[DATASET]

Start of Block

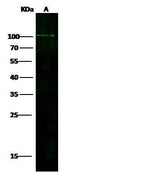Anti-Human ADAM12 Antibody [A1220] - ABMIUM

End of Block
Start of Block

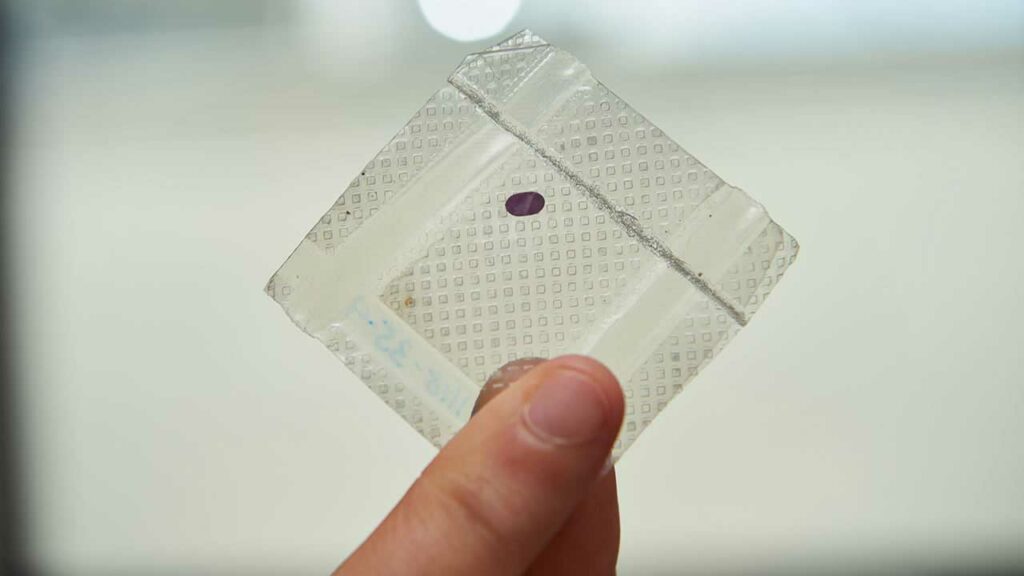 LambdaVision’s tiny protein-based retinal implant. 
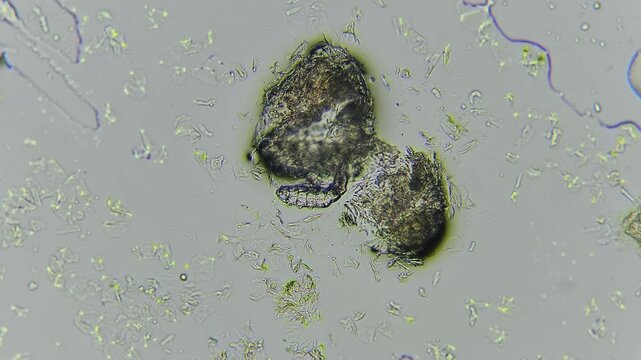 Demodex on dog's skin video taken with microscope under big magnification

End of Block

[PROBLEM TO WORK ON]
Give back exactly the lines of the listing above from the one that contains "LambdaVision’s tiny protein-based" up to and including the one that contains "Demodex on dog's", but not the pictures, and no other lines.

[RESPONSE TO THE EXERCISE]
 LambdaVision’s tiny protein-based retinal implant. 
 Demodex on dog's skin video taken with microscope under big magnification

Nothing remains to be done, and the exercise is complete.